Task to carry out: All of the data that follows should be retyped exactly, please, except the pictures.

Dataset section: Begin

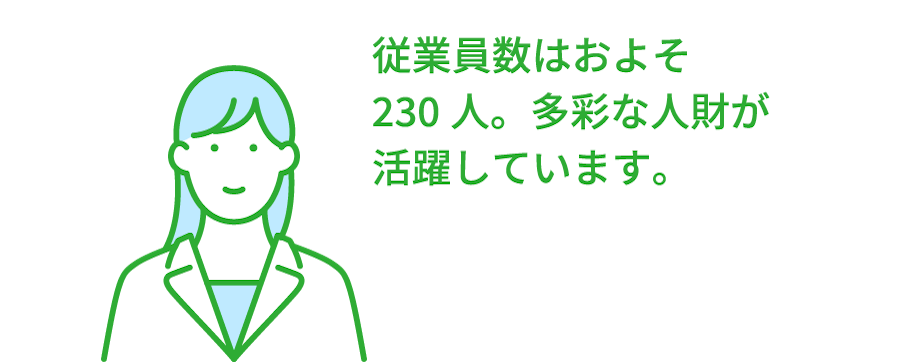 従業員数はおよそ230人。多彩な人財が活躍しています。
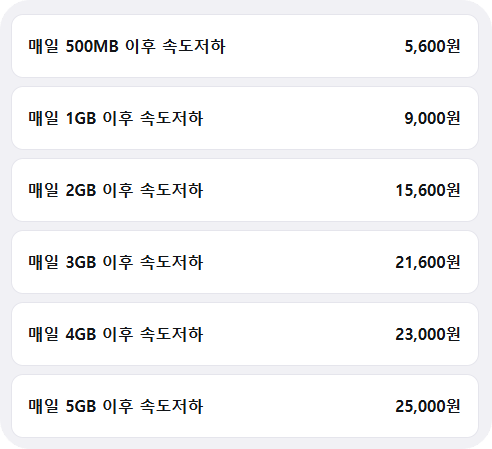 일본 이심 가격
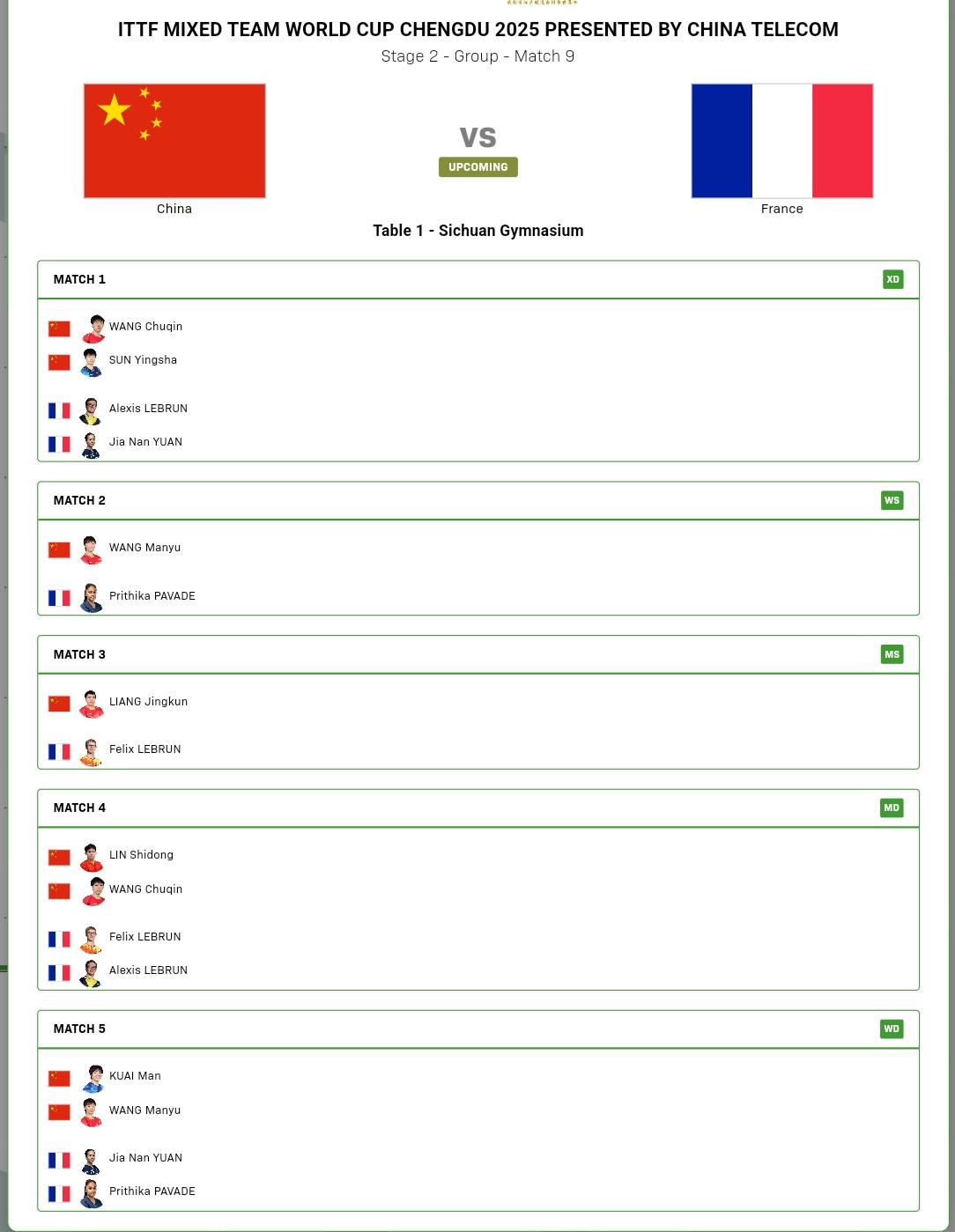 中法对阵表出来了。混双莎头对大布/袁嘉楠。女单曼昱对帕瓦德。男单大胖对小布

Dataset section: End

Result of this exercise:
 従業員数はおよそ230人。多彩な人財が活躍しています。
 일본 이심 가격
 中法对阵表出来了。混双莎头对大布/袁嘉楠。女单曼昱对帕瓦德。男单大胖对小布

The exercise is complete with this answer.